The duration and thickness of smoke from Canadian wildfires that drifted over the eastern U.S. and into the PJM footprint last summer was nearly unprecedented, affecting solar generation output and altering typical demand for electricity.
Marcus Smith, Lead Engineer, Load Forecasting – Markets Coordination, reviewed the wildfires’ effects (PDF) on the PJM grid at the Jan. 30 annual meeting of the American Meteorological Society, the theme of which was “Living in a Changing Environment.”
Smith highlighted the two 2023 smoke events that most impacted solar output and electricity demand: the periods of June 5–11 and June 26–July 1.
The first smoke event affected the eastern part of the PJM footprint more, with thick smoke reducing visibility and greatly reducing solar generation – particularly in the Mid-Atlantic Region, which is rich in behind-the-meter, or customer-based, solar generation.
The second smoke event was more spread out over the entire footprint, with the thickest smoke in PJM’s Western Region.
At least three episodes of near-surface smoke occurred, which decreased visibility and led to cooler-than-expected temperatures.

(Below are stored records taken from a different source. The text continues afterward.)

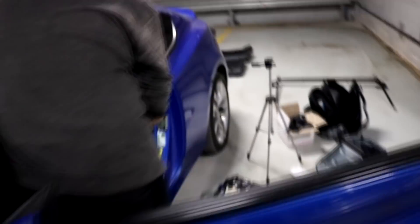All right guys, I got the top bar on right now — sorry for the lighting, there's no way I can show you. Right now I'm just test fitting it so I'm going to fix it, and once it's in the place I want it I'm going to drill the holes right here on the side panels. Let's finish this, and once that's done we can move to the harness bar.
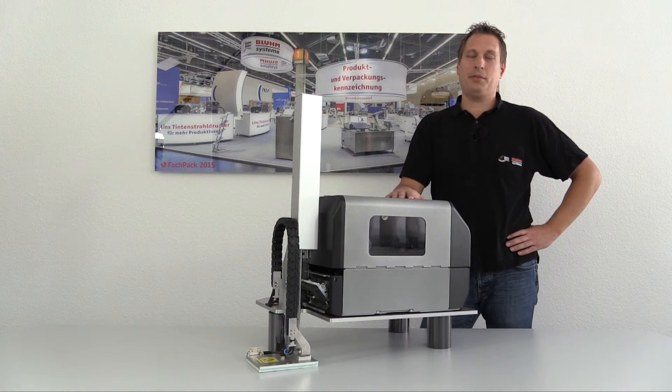Hello, my name is Jörg Emrich. I am an employee at BlumWebber since 1998 and a specialist in automated labeling applications.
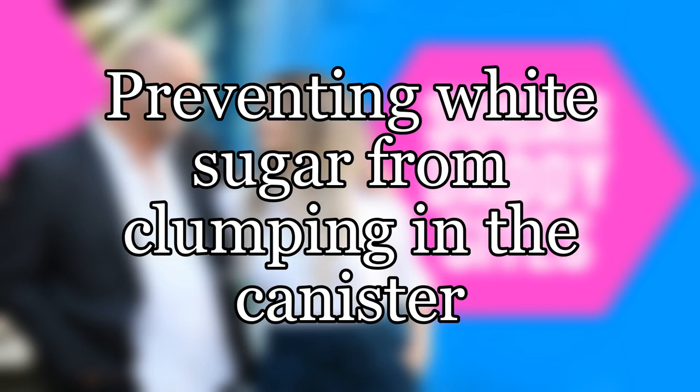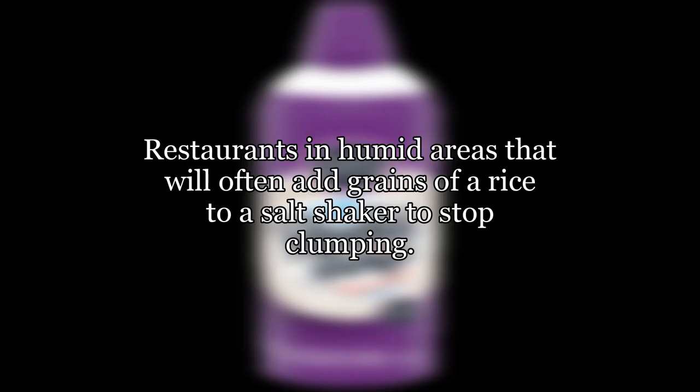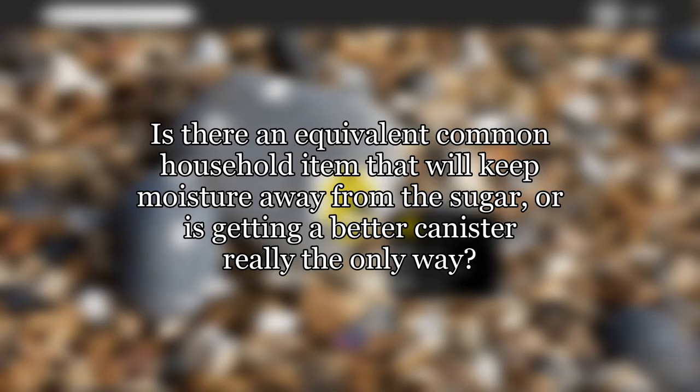Preventing white sugar from clumping in the canister. We store sugar in a ceramic canister and we get some clumping. Restaurants in humid areas will often add grains of rice to a salt shaker to stop clumping. The rice acts as a desiccant and absorbs moisture, keeping it away from the salt. I believe the salt also acts as a preservative for the rice. Is there an equivalent common household item that will keep moisture away from the sugar, or is getting a better canister really the only way?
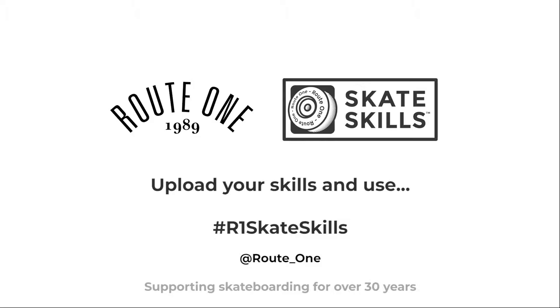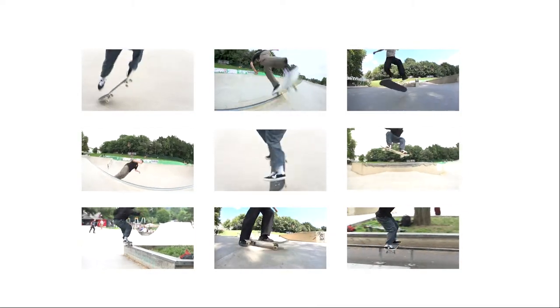If you've enjoyed this lesson, check the rest out at route1.co.uk. Tag your skills with hashtag route1skateskills to win in our Instagram prize draw. Go out, get learning, and remember to have fun.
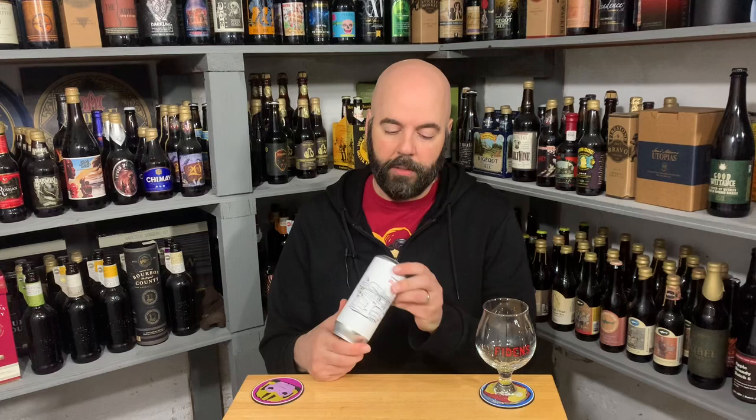It's Heavy Cut. It's a double IPA and it is Mosaic, Citra, and Galaxy — 8% ABV, and it is just under three weeks old at time of review.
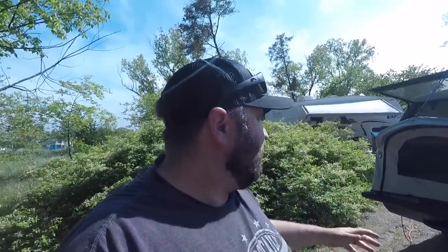What's up everybody, Justin here. You guys have been asking me to show you my setup and how I work during the week when I'm on the road — well, I'm gonna show you that right now.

As thicker smoke developed over areas with a high coverage of solar panels, there were sudden and significant drops in solar generation during the time around and after solar noon. Solar generation was reduced by as much as 15% during the thickest of the smoke.
The smoke also caused temperatures to come in as much as 6 degrees cooler than forecast, leading to a decrease in demand of more than 3% of expected levels at times.
The erratic nature of the wildfire smoke made it difficult to forecast its impacts to the bulk electric system, Smith said.
Typically, load does not dip during peak sunlight hours when temperatures are very warm in the summer and air-conditioning use is high. However, this did occur on multiple occasions of thicker near-surface smoke.
Other factors may have played a supporting role in the load and solar generation impact, but the presence of smoke was a clear factor in their behaviors.